Problem details:
Only the lines of the listing below that run from the line with "Пончики с яблоками" through the line with "papian0 online show" are to be set down, word for word. Pictures stay out.

Listed records:
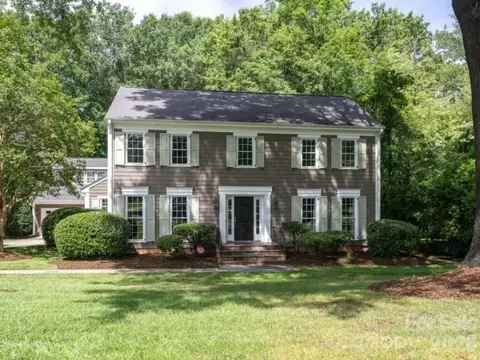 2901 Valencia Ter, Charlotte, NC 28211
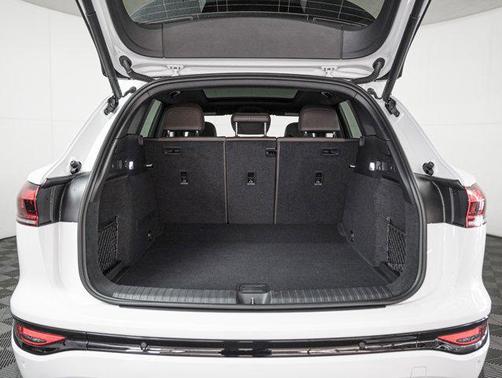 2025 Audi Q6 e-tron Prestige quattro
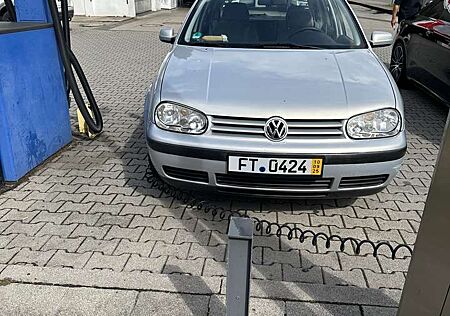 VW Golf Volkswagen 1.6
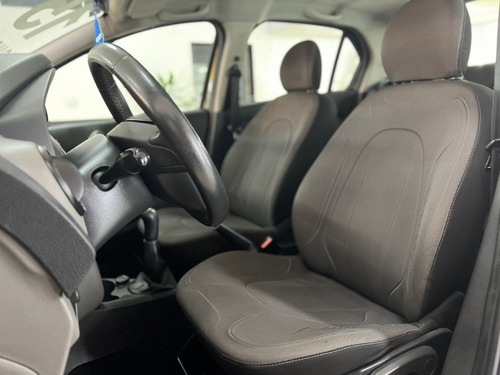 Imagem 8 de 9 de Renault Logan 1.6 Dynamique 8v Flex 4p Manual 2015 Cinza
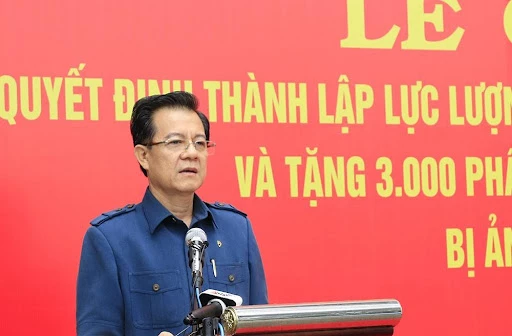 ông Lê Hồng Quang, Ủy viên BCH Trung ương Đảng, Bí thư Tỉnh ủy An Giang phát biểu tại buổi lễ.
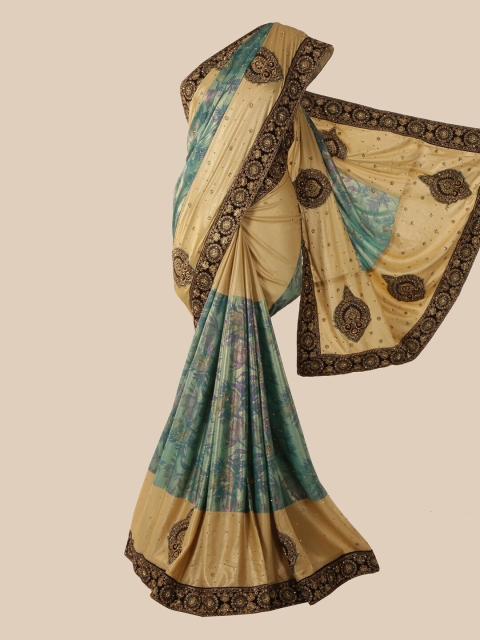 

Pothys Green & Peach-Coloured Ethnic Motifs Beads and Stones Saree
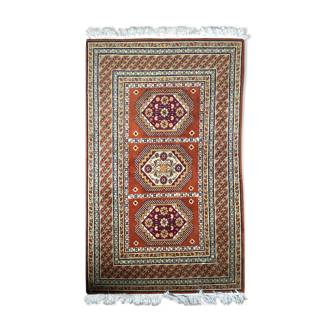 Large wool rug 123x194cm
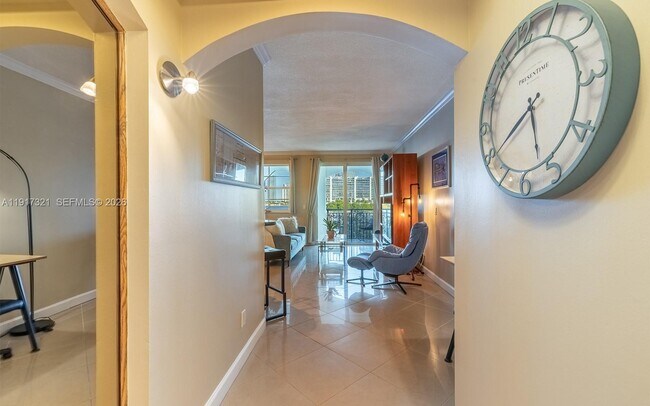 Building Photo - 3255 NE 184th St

==

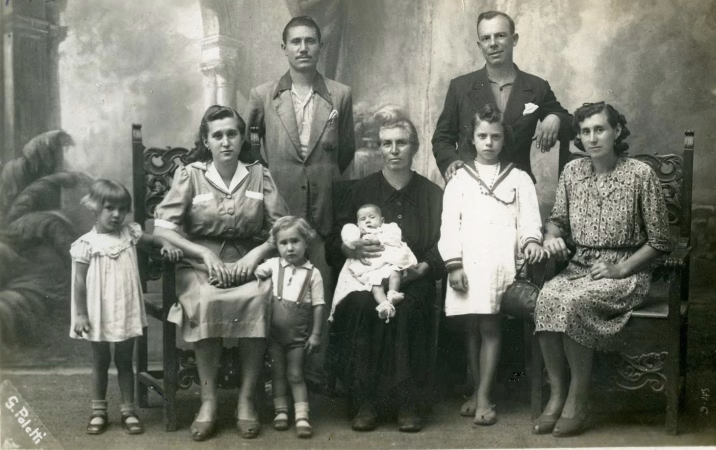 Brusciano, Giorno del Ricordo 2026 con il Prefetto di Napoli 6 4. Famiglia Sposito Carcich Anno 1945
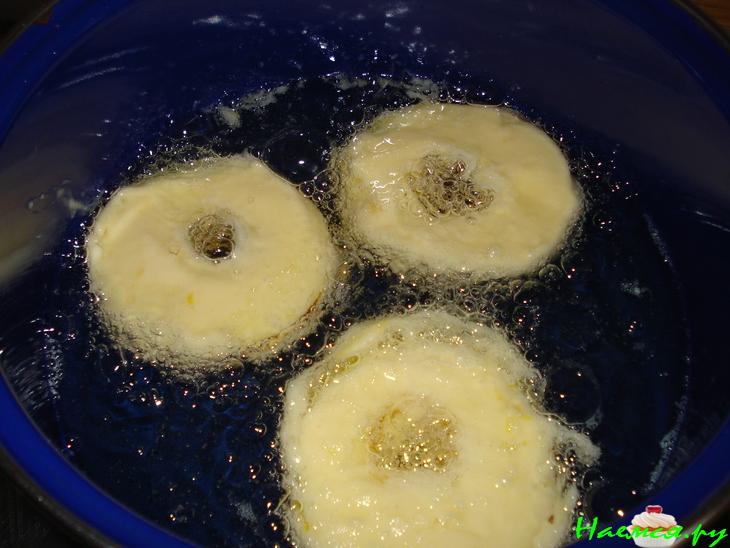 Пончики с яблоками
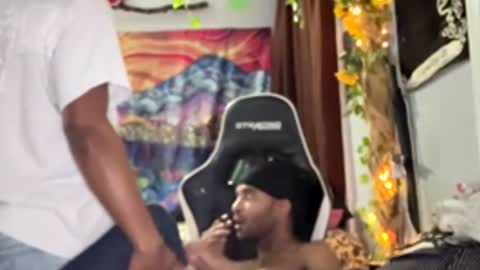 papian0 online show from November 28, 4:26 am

Exercise output:
 Пончики с яблоками
 papian0 online show from November 28, 4:26 am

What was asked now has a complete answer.